Working with groups in the territory of undiscussables is quite something. It, invariably and understandably, results in conversations that are coloured by the lived and felt experience participants bring relative to their own ‘undiscussables’. The focus I bring is less on the undiscussables themselves, more the conditions that support us to leave things unsaid and hidden. This gives the group and me the safety and flexibility to talk around what matters, without feeling an obligation to reveal all. That is important.

What strikes me, having been working more in the space of undiscussables in human systems, is that there are some common and dominant themes emerging.

Many questions, stories opinions, fewer facts…

I am continually struck by the type of questions that participants bring, and how many of them are driven by the stories we tell ourselves. At a recent workshop, I asked the group what questions they were bringing. The following is a representative sample:

How dangerous is it really?

Once I’ve named it, what do I do with it?

What’s the risk to me?

How do you know what to leave in the shadows?

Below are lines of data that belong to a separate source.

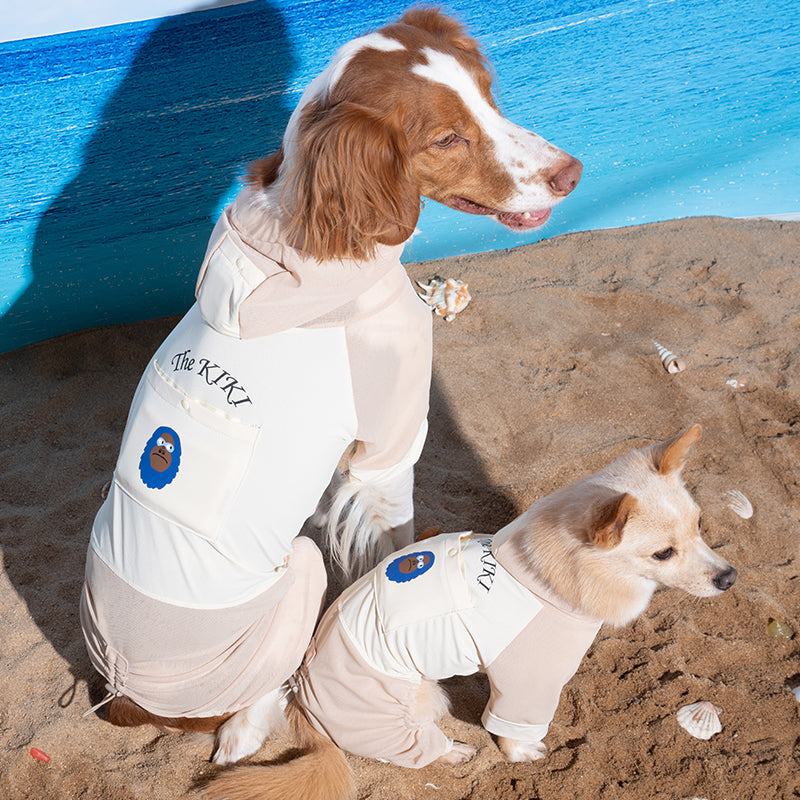 Kiki Mesh Cooling Jumpsuit - moki+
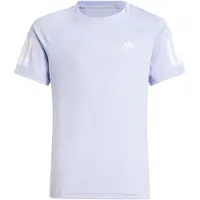 Adidas Club Short Sleeve T-shirt Violet 13-14 Years Fille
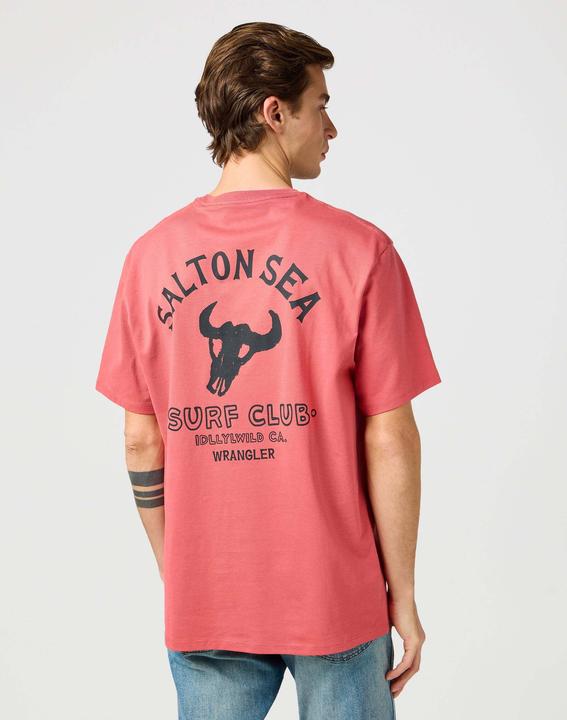Actual product image Wrangler T-Shirt Graphic Tee (L)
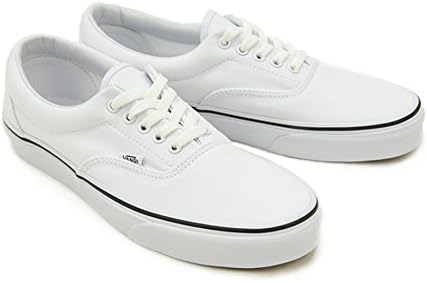Amazon Vans バンズ Era エラ トゥルーホワイト 白色 キャンパススニーカー Vn 0ewzw00 ラバーソール 紐靴 シューズ メンズ 8 0 約26 0 スニーカー Amazon Vans バンズ Era エラ トゥルーホワイト 白色 キャンパススニーカー Vn 0ewzw00 ラバーソール 紐靴 シューズ メンズ 8 0 約26 0 スニーカー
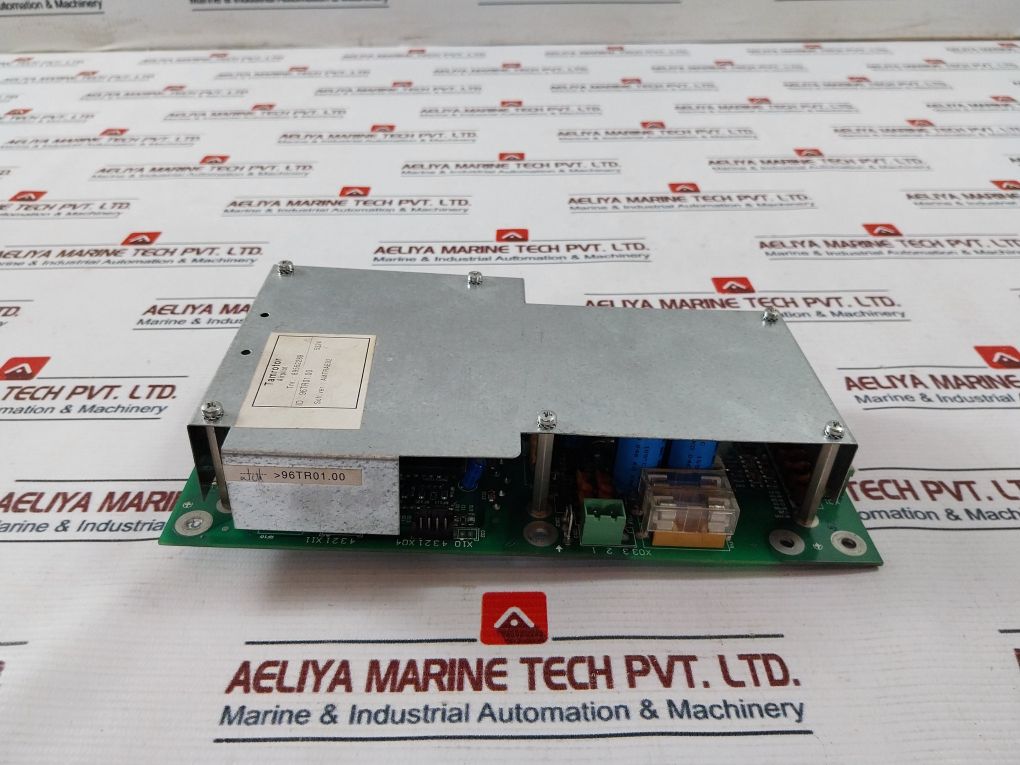 Tamrotor Amtrae02 Pcb Compressor Controller 89552289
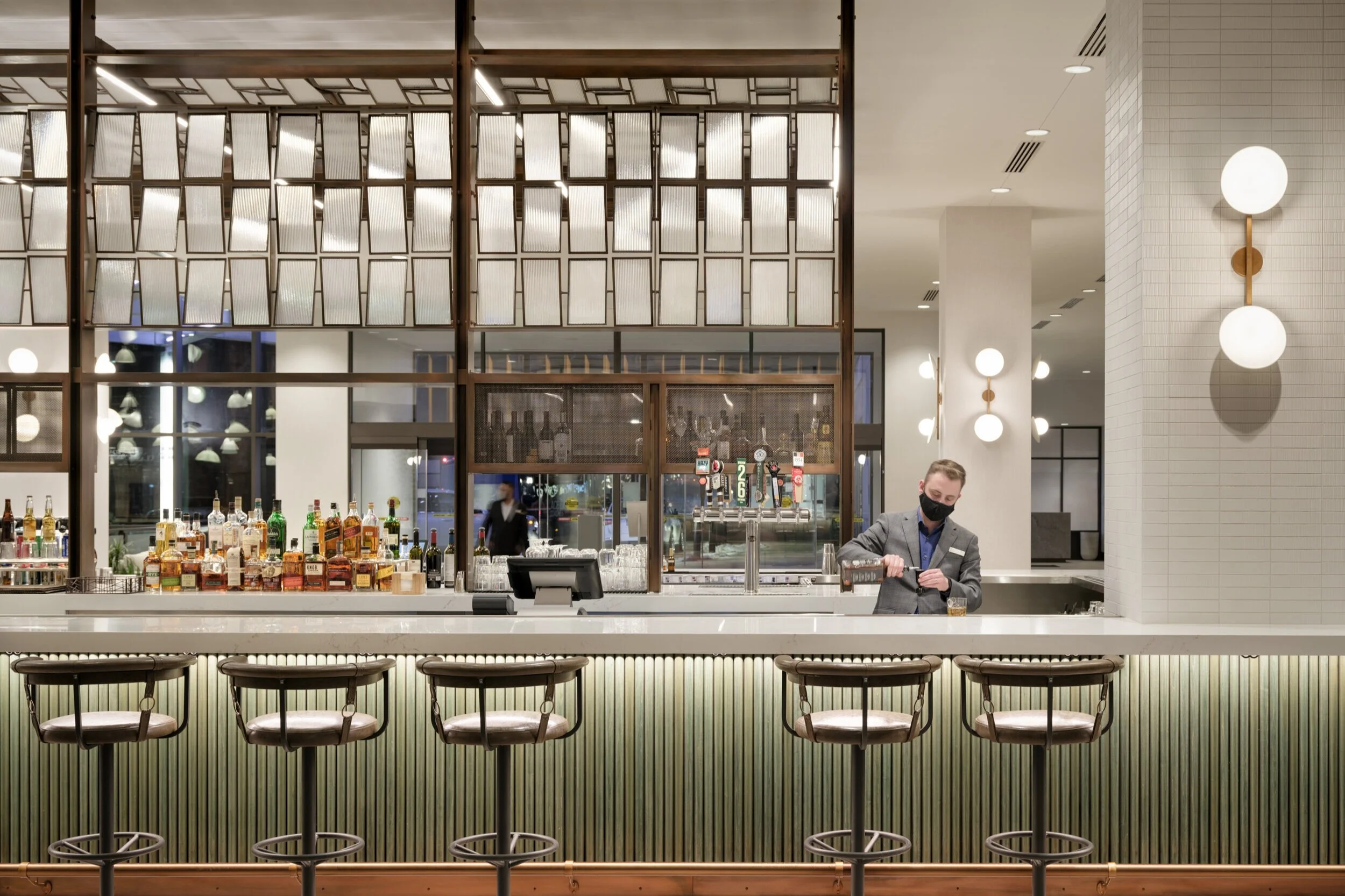 SHERATON DOWNTOWN DENVER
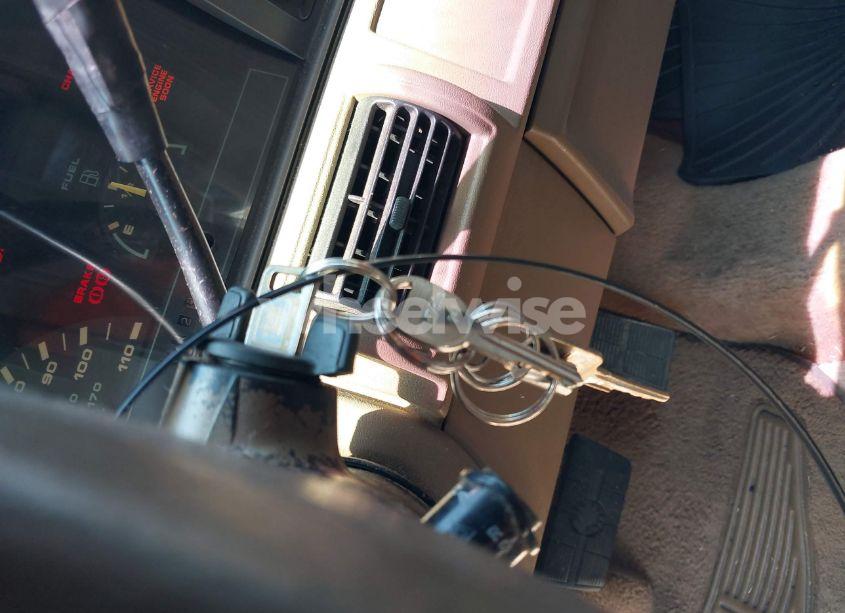 Photo 11 of 1991 Oldsmobile Cutlass CIERA S (VIN 2G3AJ54N6M2302241)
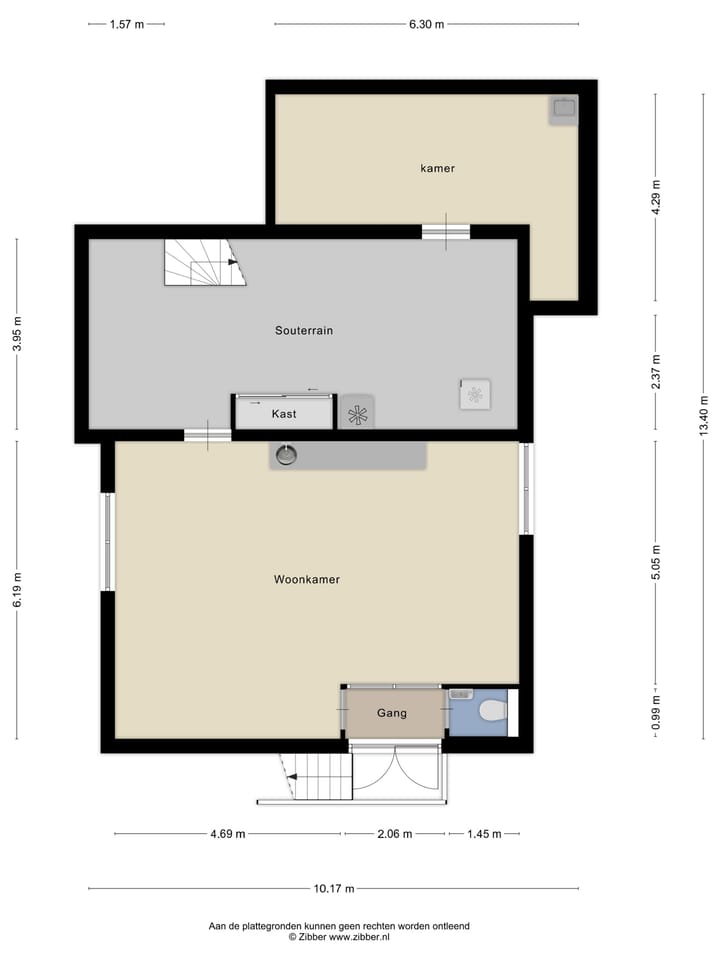 Foto 43 van Vonderstraat 1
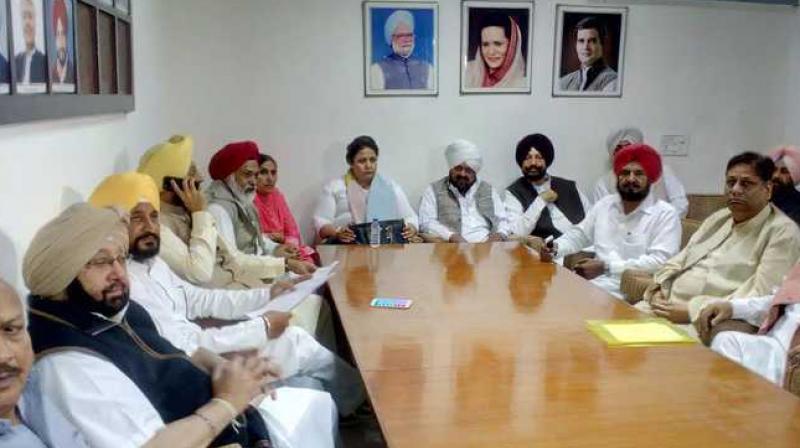 Punjab Vidhan Sabha session to be convened from Aug 24-28 Punjab Vidhan Sabha session to be convened from Aug 24-28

What if no-one else can see it?

What if I am the elephant?

Step 1: Separate Fact from Opinion, and surface Assumptions

Elephants tend to flourish in the Jungle of Un-fettered Opinion and Valley of Prophetic Fear. All of the above are driven and underpinned by stories of what might happen, based on often-unverified assumptions, which in turn drive opinions, beliefs and behaviour, and in turn feelings and emotions, not least fear. In each case, the elephant’s size is magnified the more the story that is told emphasizes or focuses on the perceived size, threat, danger and all round destructive potential of said beast. With each of the above questions, my starting point is to ask the question holder to separate the fact from opinion in their narrative, and challenge them where they are clinging to an assertion (effectively an assumption) that is not supported by reality. Without this, assumptions become the source of a ‘reality’ that has felt substance, if not a basis in fact.

Consequences real and imagined…

Invariably, undiscussables have a close relationship with our individual attitude towards risk relative to the question at hand. In some contexts e.g. a work setting, challenging inappropriate behaviour may be the ‘right’ thing to do. And depending on your role, position in the organisation relative to whom you are challenging, and norms/values of the system as a whole, you will have a decision to make as to whether you can live with the consequences. If you have resigned to leave for a higher paid/better position elsewhere, your attitude to risk and consequences is likely to change; and that in turn could be different again to the level of risk you are willing to take if you were traumatized by and/or left a position because the climate had a high level of toxicity and/or undiscussables.

Step 2: Identify all possible consequences, & which you can live with if you were to speak out

In short, whether you are willing to challenge and name undiscussables is a personal conundrum, as you seek to establish the facts, and then, even if you have the will, conviction and means to act on your beliefs, whether you speak your truth ultimately depends on whether you can live with all possible consequences of doing so. There is no right, no wrong to that; it is a personal relationship with risk.

And it is this pattern of individual risk assessment and decision making that makes addressing undiscussables in organisational contexts so challenging. It defies process, functional boundaries, policies, company values and norms, operating at a tacit, unspoken level that most organisations are ill equipped to deal with. We need to find new ways to ask questions about things that are hard to broach. A starting point might be to recognize and acknowledge that there is something undiscussable, and our inability to admit to even that.